One more thing.  If Jesus is our exodus, then the painful losses of life only serve to bind us closer to him rather than drive us away.  Perhaps you saw the report in yesterday’s Austin American-Statesman about the central Texas team of doctors that has returned from Haiti. The doctors were amazed at how incredibly strong and gracious Haitians were, even though they had been sitting for days in their villages with horrible injuries and no access to pain medication.  One of the doctors from Austin was amputating the legs of a woman, when she began singing a hymn in Creole that translated to Praise Jesus.  “I had to stop operating because it was unbelievable,” the doctor said.  “I’m a Christian, but I don’t know that I’d have enough faith to be singing about my love for Jesus while you were cutting my leg off.” The doctor concluded, “Their faith and how tough the Haitian people were are just unbelievable examples of belief in Jesus.” 

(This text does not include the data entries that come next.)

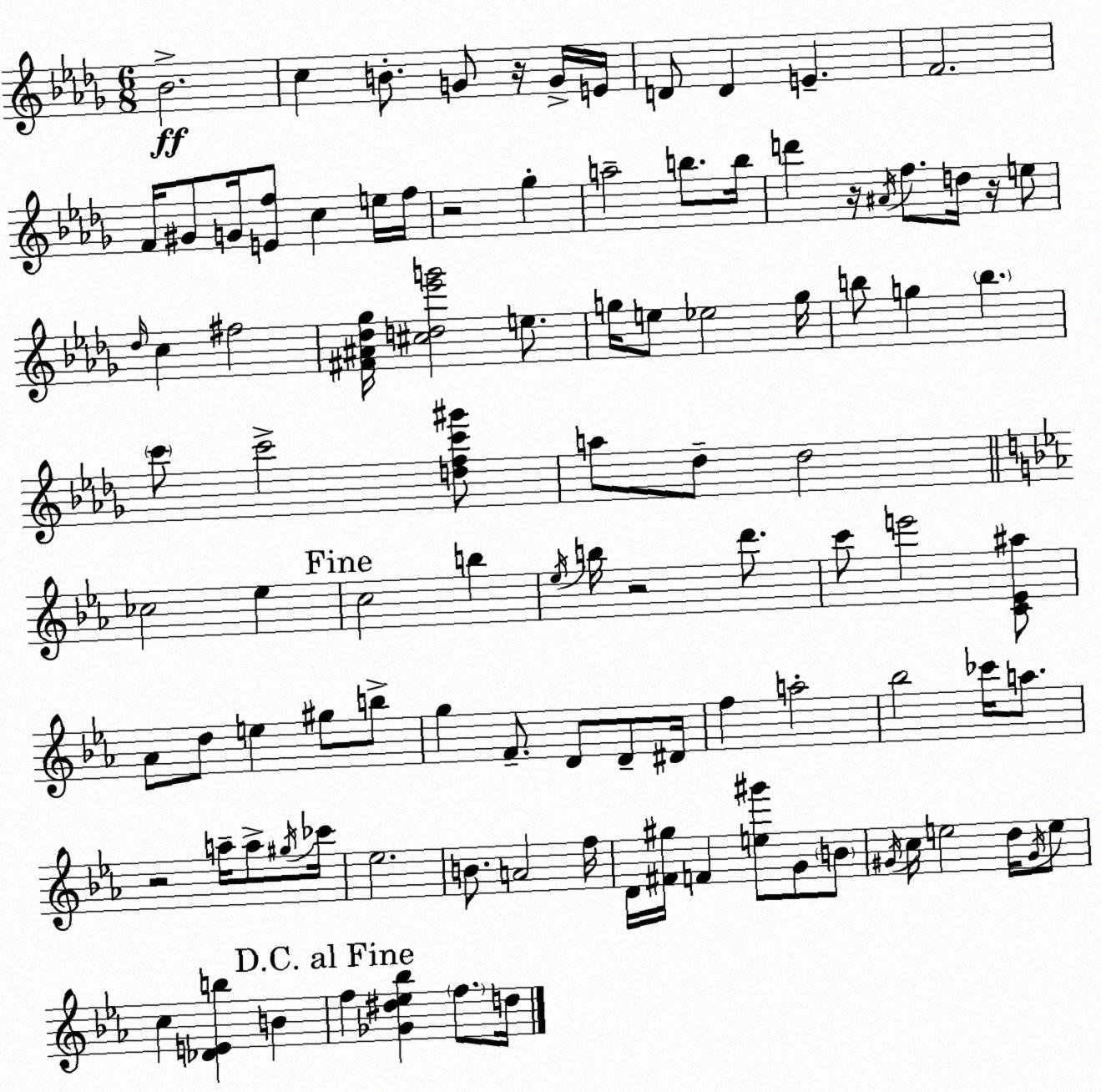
X:1
T:Untitled
M:6/8
L:1/4
K:Bbm
_B2 c B/2 G/2 z/4 G/4 E/4 D/2 D E F2 F/4 ^G/2 G/4 [Ef]/2 c e/4 f/4 z2 _g a2 b/2 b/4 d' z/4 ^A/4 f/2 d/4 z/4 e/2 _d/4 c ^f2 [^F^A_d_g]/4 [^cd_e'g']2 e/2 g/4 e/2 _e2 g/4 b/2 g b c'/2 c'2 [dfc'^g']/2 a/2 _d/2 _d2 _c2 _e c2 b _e/4 b/4 z2 d'/2 c'/2 e'2 [C_E^a]/2 _A/2 d/2 e ^g/2 b/2 g F/2 D/2 D/2 ^D/4 f a2 _b2 _c'/4 a/2 z2 a/4 a/2 ^g/4 _c'/4 _e2 B/2 A2 f/4 D/4 [^F^g]/4 F [e^g']/2 G/2 B/2 ^G/4 c/4 e2 d/4 ^G/4 e/2 c [_DEb] B f [_G^d_e_b] f/2 d/4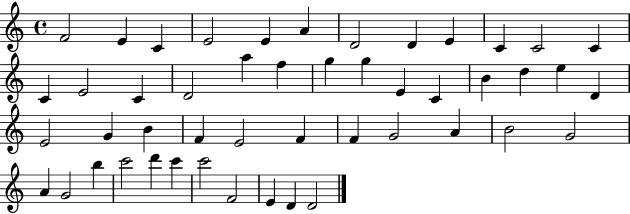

As followers of Jesus, we don’t seek out suffering, or glorify it.  As you know, many people today believe that the reality of suffering is an argument against God.  Yet to the contrary, followers of Jesus discover that it is in suffering that the presence and love of God are most powerfully evidenced.  Theologian Fred Craddock put it this way: “The painful, tragic events of our lives and world do not lie across the way but on the way to the completion of God’s purpose.”

Friends, Luke’s story of the transfiguration identifies Jesus as God’s only Son. He came into a world of hurt.  He suffered the full extent of the world’s pain.  He leads the world out of our present futility and into the promise of God’s reign on earth.  He is our exodus.  He is the only way out. Listen to him.  Follow him.